I find it valuable to listen to and engage in different conversations in order to get a sense of what “regular” people think about the news. I’ve come to suspect that being so relentlessly political shuts me off from what ordinary people think and feel, even when, as a journalist, that’s precisely what I need to understand best.
We had a Line group for Pub, Line being the messaging app of choice in Taiwan for the elderly. Every day, my inbox would fill up with so-called zhangbeitu (長輩圖) or “elderly images” from my friends there, Line stickers that old people in Taiwan and China are in the habit of sending around, saying things like “Good morning”, often paired with a nature image.
Pub closed while I was on a trip to New York. The closing made grappling with the results of 2018 elections in Taiwan a good deal harder to deal with. I had nowhere to go and brood alone about the state of the world, as I had done not only in January 2016, but also in November 2016 after Donald Trump’s election.

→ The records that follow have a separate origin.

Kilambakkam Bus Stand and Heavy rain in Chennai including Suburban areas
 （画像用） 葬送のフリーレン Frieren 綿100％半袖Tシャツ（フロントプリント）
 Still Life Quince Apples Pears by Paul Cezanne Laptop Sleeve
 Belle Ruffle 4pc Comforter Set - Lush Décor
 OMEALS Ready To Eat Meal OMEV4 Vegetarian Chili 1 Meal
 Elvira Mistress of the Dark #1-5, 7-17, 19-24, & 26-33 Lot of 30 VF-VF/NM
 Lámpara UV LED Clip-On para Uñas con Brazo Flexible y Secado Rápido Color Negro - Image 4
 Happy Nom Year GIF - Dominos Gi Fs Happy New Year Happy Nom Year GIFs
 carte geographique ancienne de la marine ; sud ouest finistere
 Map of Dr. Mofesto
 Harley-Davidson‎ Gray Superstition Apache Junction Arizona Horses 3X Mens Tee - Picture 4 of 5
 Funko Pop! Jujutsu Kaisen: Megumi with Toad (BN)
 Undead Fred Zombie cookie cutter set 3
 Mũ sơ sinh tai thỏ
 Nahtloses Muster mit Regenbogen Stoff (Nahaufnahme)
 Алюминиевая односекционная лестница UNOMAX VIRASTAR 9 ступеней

One of Pub’s owners once joked to me that he thought he was similar to the main character in the Wong Kar-Wai produced and scripted film See You Tomorrow, who also runs a bar that connects a whole lot of disparate people. He’d never seen the film, he admitted, but knew it seemed like something that would appeal to me. All the regulars had pegged me as a wenqing (文青), a term literally meaning “cultural youth”, but more or less equivalent to “hipster”.
After an election in which so many attributed the victory of the right to a failure of dialogue between different generations, a place that had allowed for such exchanges to take place had disappeared. With the disappearance of Pub, I couldn’t help but think that something valuable had passed from the world.
In any highly alienating urban society, I guess, there is a longing for that sort of place of intimate familiarity. Maybe I was looking for that myself, too.